Sendo o Manifesto nossa obra comum, cabe-se declarar que a proposição fundamental pertence a Marx. Essa preposição é a de que, em cada época, histórica, a produção econômica, o sistema, de trocas e a estrutura social que dela necessariamente decorre, constituem a base e a explicação da história política e intelectual dessa época; que consequentemente (desde a dissolução do regime primitivo de propriedade comum da terra) toda a história da humanidade tem sido a história da luta de classes, conflitos entre explorados e exploradores, entre as classes dominadas e dominantes; que a história dessas lutas de classes se constitui de uma série de etapas, atingindo hoje um ponto em que a classe oprimida e explorada – o proletariado – não pode mais libertar-se da classe que o explora e oprime – a burguesia – sem que ao mesmo tempo, liberte, de uma vez por todas, toda a sociedade da exploração, da opressão, do sistema de classes e da luta entre elas. (ENGELS, 2005. p.78)

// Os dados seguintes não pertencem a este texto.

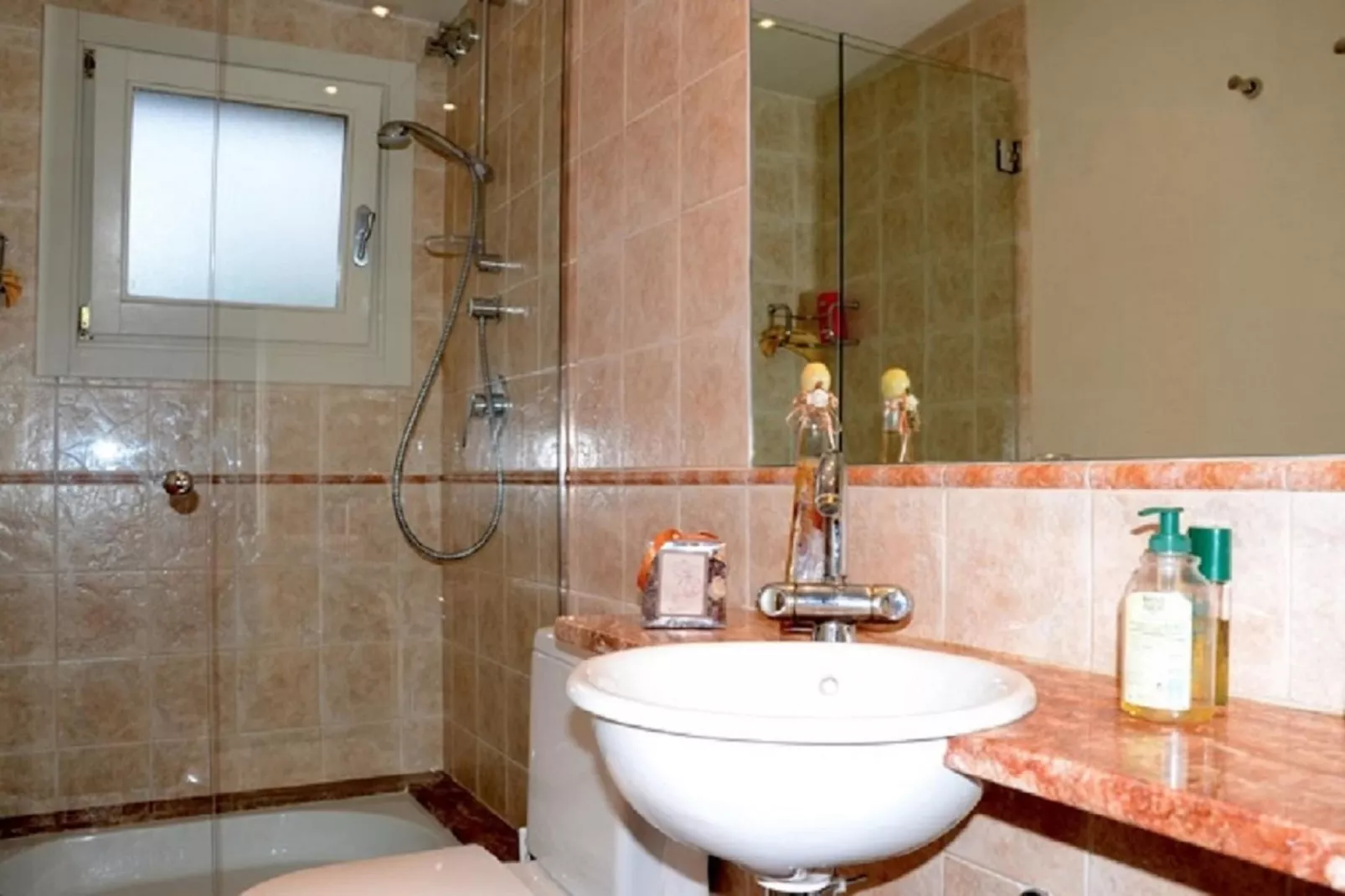CAN COLL PERATALLADA-Bathroom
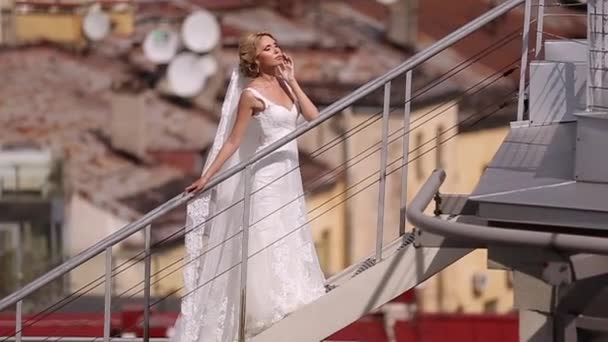 Невеста на крыше — стоковое видео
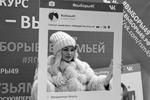 Участникам голосования предоставлялись разные возможности рассказать в соцсетях о своем поступке. Посетители одного из участков Магадана могли сделать памятную фотографию с хэштегом #выборы49&#160;(фото: Виктория Драчкова/ТАСС)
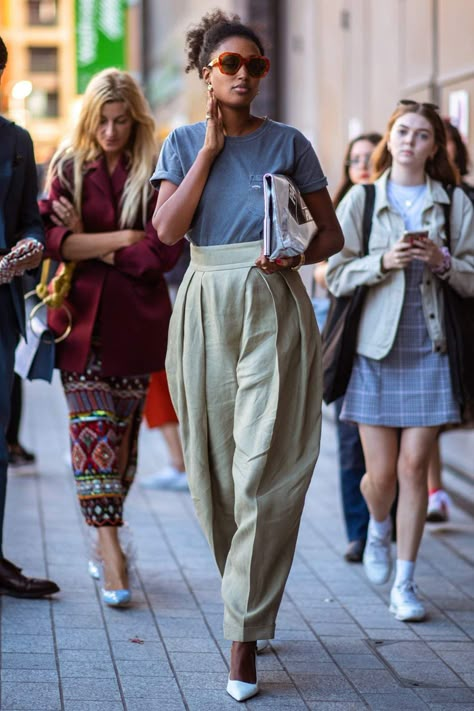 40s Street Style, South African Street Style, Styling Trousers Women, Casual Dress Pants Outfits, Black Women Street Style, Mid Size Street Style, Street Style Curvy, Pants Outfits For Women, Trousers Street Style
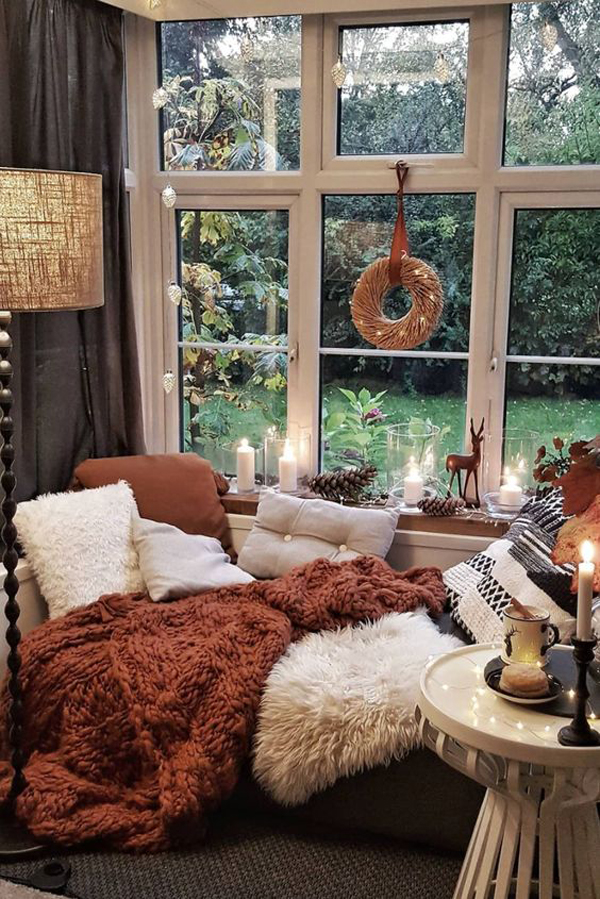 warm-and-cozy-window-seating-ideas-for-holiday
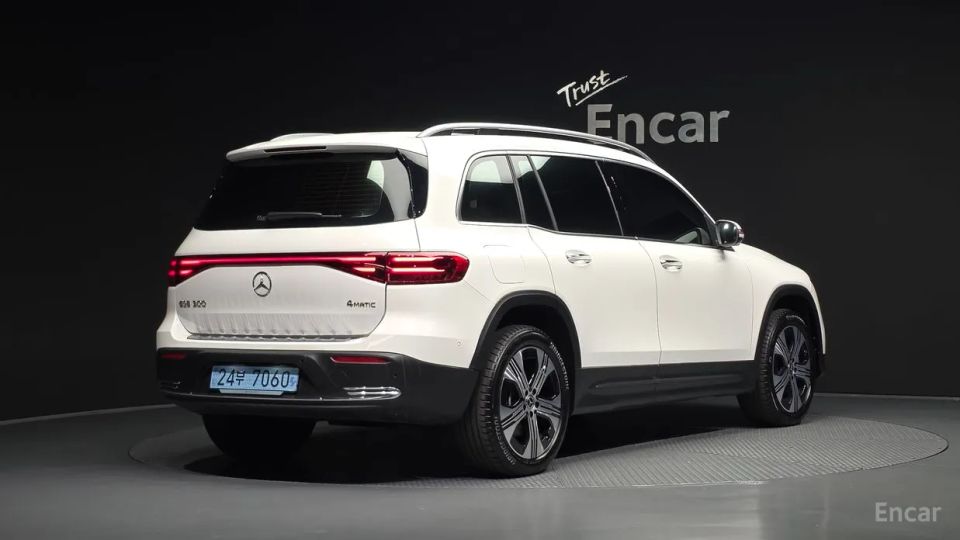 Mercedes-Benz EQB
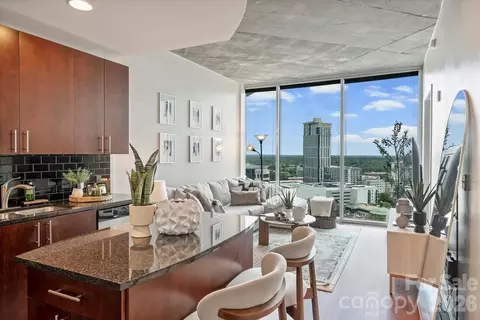 210 N Church 1711 St #1711, Charlotte, NC 28202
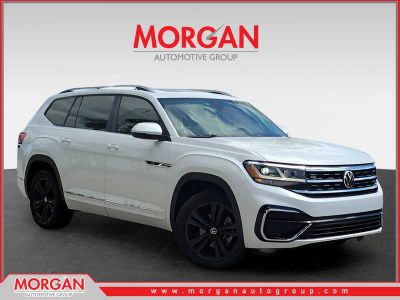 2022 Volkswagen Atlas 3.6L V6 SEL R-Line in Oryx White Pearl — front three-quarter view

Quanto aos elementos que os autores superaram em obras posteriores, esses dizem mais às questões políticas, especialmente relacionadas ao Estado – as derrotas de junho de 1848 e as experiência da Comuna de Paris em 1871 foram essenciais para o desenvolvimento teórico desses elementos; e também as questões relacionadas à economia, tento em vista que os autores recém tinham começado a se aprofundar seus estudos na economia política clássica e Marx ainda não havia desenvolvido a sua teoria da mais-valia, que viria a ser a pedra angular de seu arcabouço teórico. Essas questões, porém, em nada diminuem a importância histórica, política e teórica do Manifesto Comunista, ainda hoje o mais importante manifesto político da história moderna e um dos guias da emancipação humana.